Reporter: Grace Olivia | Editor: Noverius Laoli
KONTAN.CO.ID - JAKARTA. Bank Dunia kembali menurunkan proyeksi pertumbuhan ekonomi Indonesia, sejalan dengan proyeksi perlambatan ekonomi di kawasan Asia Timur dan Pasifik.
Dalam laporan East Asia and Pacific Economic Update edisi Oktober 2019: Weathering Growing Risk yang dirilis hari ini, Kamis (10/10), Bank Dunia memperkirakan pertumbuhan ekonomi Indonesia di akhir tahun ini hanya 5%.
Baca Juga: Bank Dunia: Asia Timur dan Pasifik akan tumbuh melambat sampai 2021
Sebelumnya Bank Dunia meramal pertumbuhan ekonomi mampu mencapai 5.2%.
Bank Dunia menilai, perlambatan pertumbuhan ekonomi Indonesia lebih dipengaruhi oleh kondisi eksternal yang tidak menguntungkan. Hal tersebut berdampak pada kinerja ekspor yang tertekan, ditambah dengan pertumbuhan investasi yang masih lambat.
Konsumsi rumah tangga diprediksi tumbuh 5,2%, konsumsi pemerintah 5,1%, PMTB (Investasi) tumbuh 5%, ekspor barang jasa tumbuh -1%, dan impor barang jasa tumbuh -3,5%.
Risiko penurunan (downside risk) terhadap outlook pertumbuhan tersebut, menurut Bank Dunia, juga makin besar di tengah ketidakpastian global.
Baca Juga: Bank Dunia: Pertumbuhan Asia Pasifik akan melambat jadi 5,8% akibat perang dagang
“Eskalasi ketegangan dagang yang berlanjut dapat membebani pertumbuhan kawasan dan harga komoditas. Pertumbuhan ekonomi Indonesia dan neraca transaksi berjalan pun akan ikut tertekan sejalan dengan penerimaan ekspor yang melemah,” terang Bank Dunia.

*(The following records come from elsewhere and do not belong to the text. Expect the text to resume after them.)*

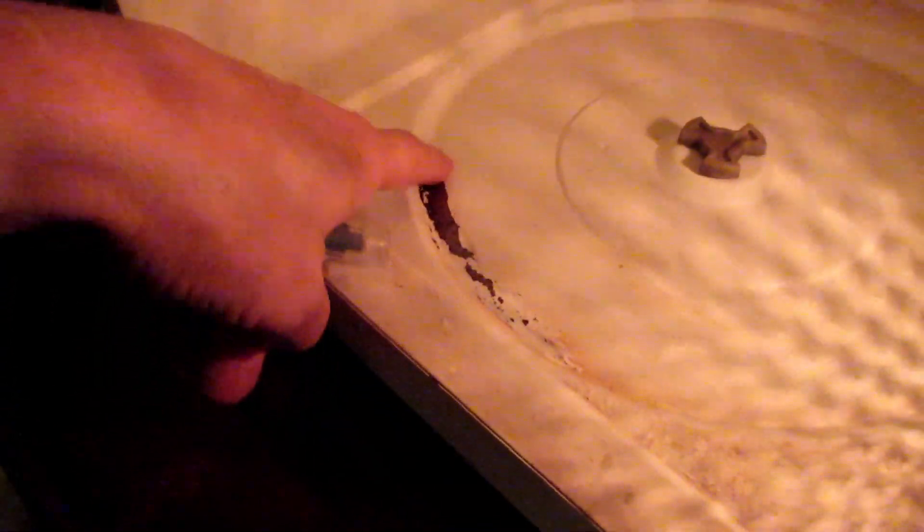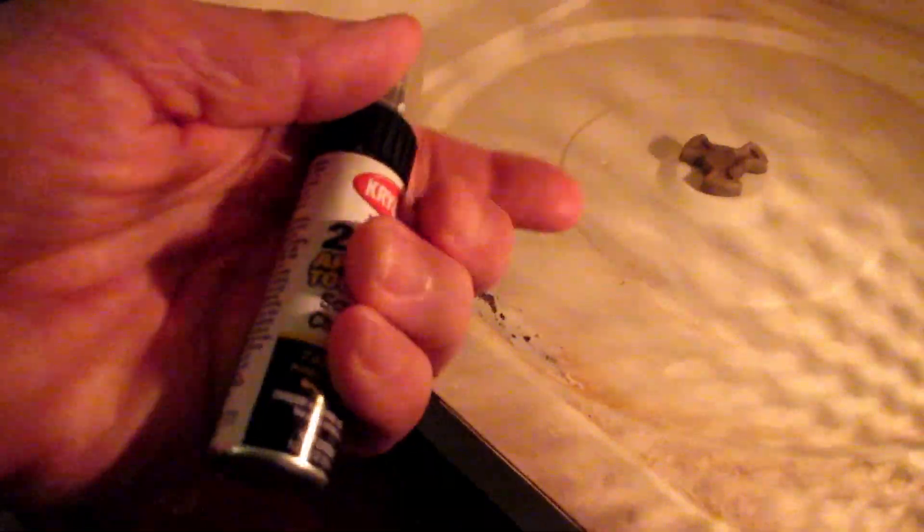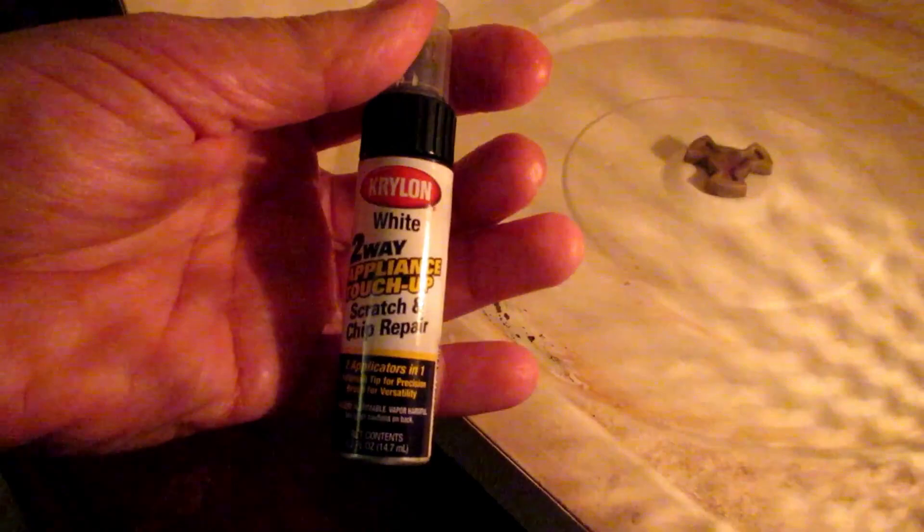So I cleaned this with steel wool and I'm going to apply the paint again. My repair ought to last another year — not perfect, but it only takes about 20 minutes or less to do the whole job.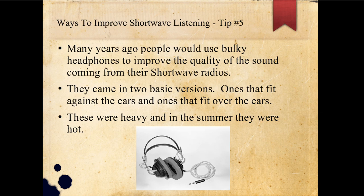Many years ago, people would use bulky headphones to improve the quality of the sound coming from their shortwave radios. They came in two basic versions: one that fits against the ear and one that fit over the ear. The drawback is they were heavy and in the summertime they could be quite hot. This is one similar to the one I used to use many years ago, and eventually these foam pads would deteriorate to the point the headphones were just no good, so you'd throw them away.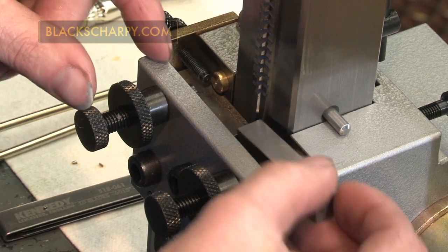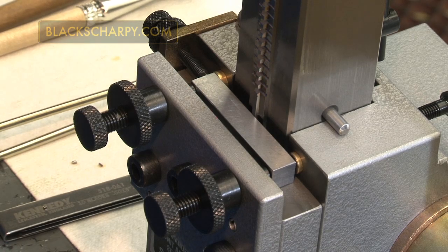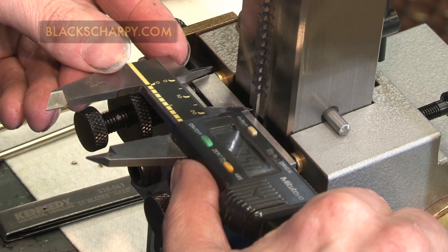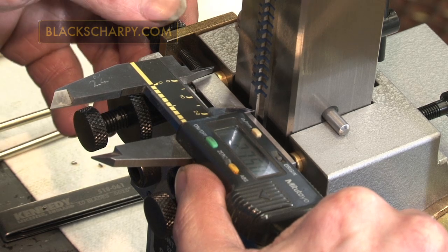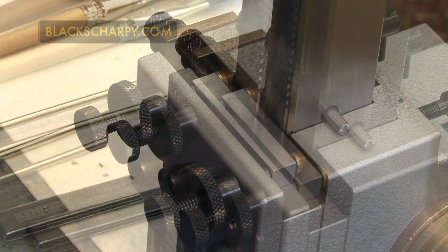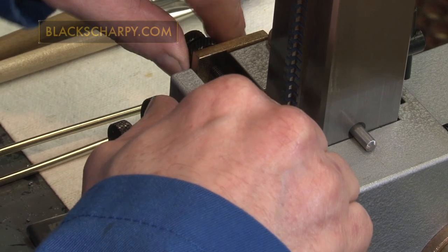When setting the axial position, load a 10mm square specimen into the machine and move the adjusting screw so that the broach V is in the correct axial position for the standard being produced. Secure the adjusting screw in position by tightening the lock nut.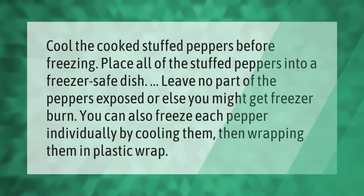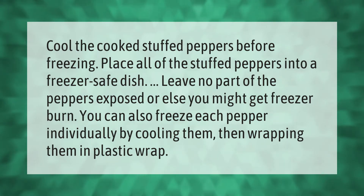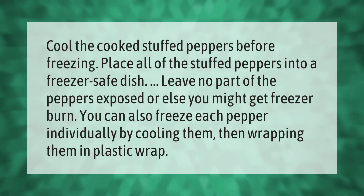Cool the cooked stuffed peppers before freezing. Place all of the stuffed peppers into a freezer-safe dish, leaving no part of the peppers exposed, or else you might get freezer burn. You can also freeze each pepper individually by cooling them, then wrapping them in plastic wrap.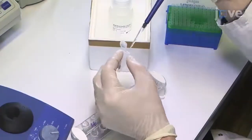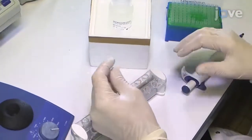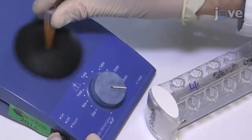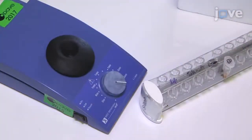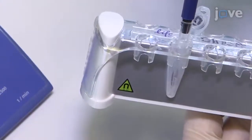Next, wash the beads with BWB twice and BCB twice. For each wash, add 200 µL and vortex the tube for 5 seconds. Then separate the beads from the solution using the magnetic separator. After one minute of separation, discard the diluent.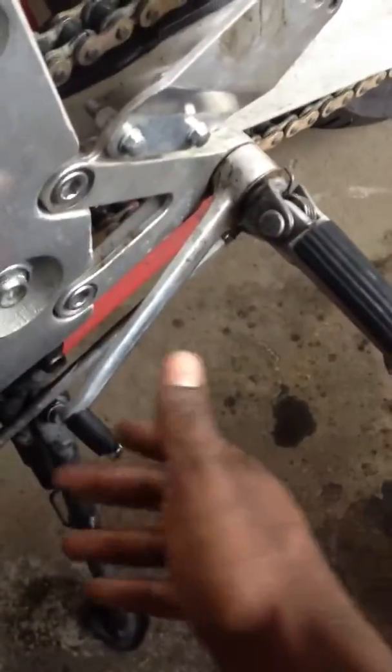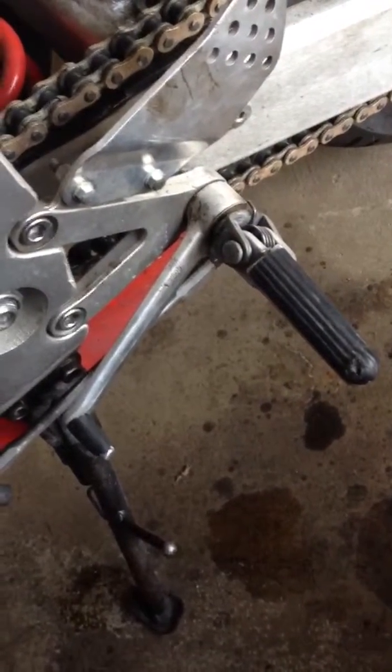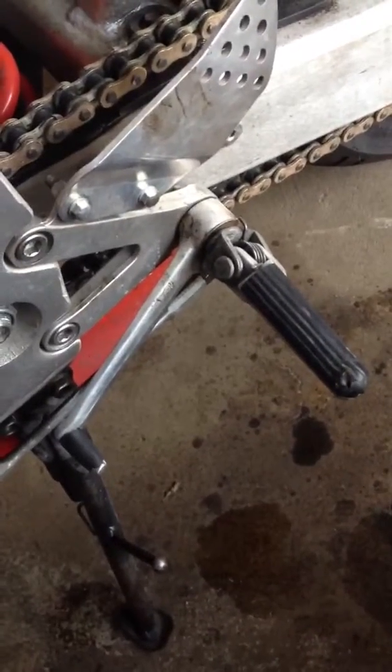Hey guys, quick vid here. I'm following up on what I've already said about lowering, like changing the height of these pedals. He said that there's an adjuster down here and there's a couple of lock nuts in the gear lever linkage, and you can twist and adjust it to make the pedal go up and down.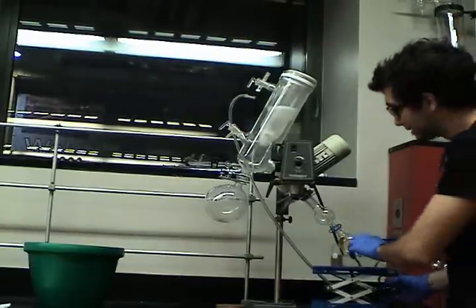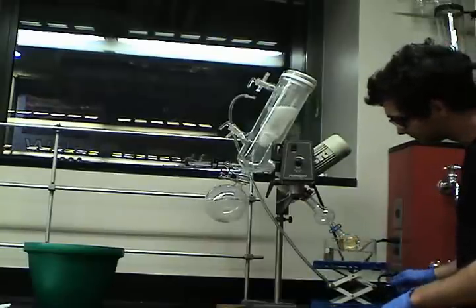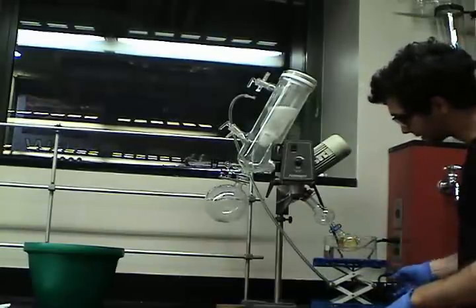And raise the water bath to touch the flask.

Di tengah kinerja ekspor yang lemah, Bank Dunia menilai pemerintah sudah tidak dapat menekan laju impor lebih dalam lagi sebab akan berdampak pada pertumbuhan. Pasalnya, impor Indonesia didominasi oleh barang-barang yang menyokong investasi seperti barang modal dan bahan baku.
Risiko lainnya menurut Bank Dunia ialah pelemahan nilai tukar emerging market termasuk Indonesia. Depresiasi rupiah berpotensi kembali terjadi seiring dengan upaya rebalancing portofolio oleh para investor menuju aset yang aman (safe-haven), seperti obligasi pemerintah AS (US Treasury).
Baca Juga: BI: Kegiatan usaha pada Q3-2019 menunjukkan perlambatan meski tetap tumbuh positif
Lebih lanjut, hal tersebut dapat mendorong imbal hasil obligasi yang lebih tinggi dan konsekuensi biaya pinjam proses an yang lebih tinggi. Ini dapat mengurangi proses pemulihan kredit dan semakin membebani investasi swasta dan pertumbuhan ekonomi.
Adapun, di samping masalah pertumbuhan, Bank Dunia juga menyoroti tantangan pemerintah Indonesia dalam mengurangi kesenjangan antardaerah.
Lembaga tersebut mencatat sepanjang periode Maret 2018-Maret 2019, ada 28 provinsi yang berhasil mengurangi jumlah orang miskin, sementara 6 provinsi lain mengalami kenaikan orang miskin.
“Namun wilayah Timur Indonesia mengalami hambatan signifikan. Saat Jakarta memiliki tingkat kemiskinan terendah 3,5%, Papua justru tertinggi yaitu 27,5%,” tulis Bank Dunia.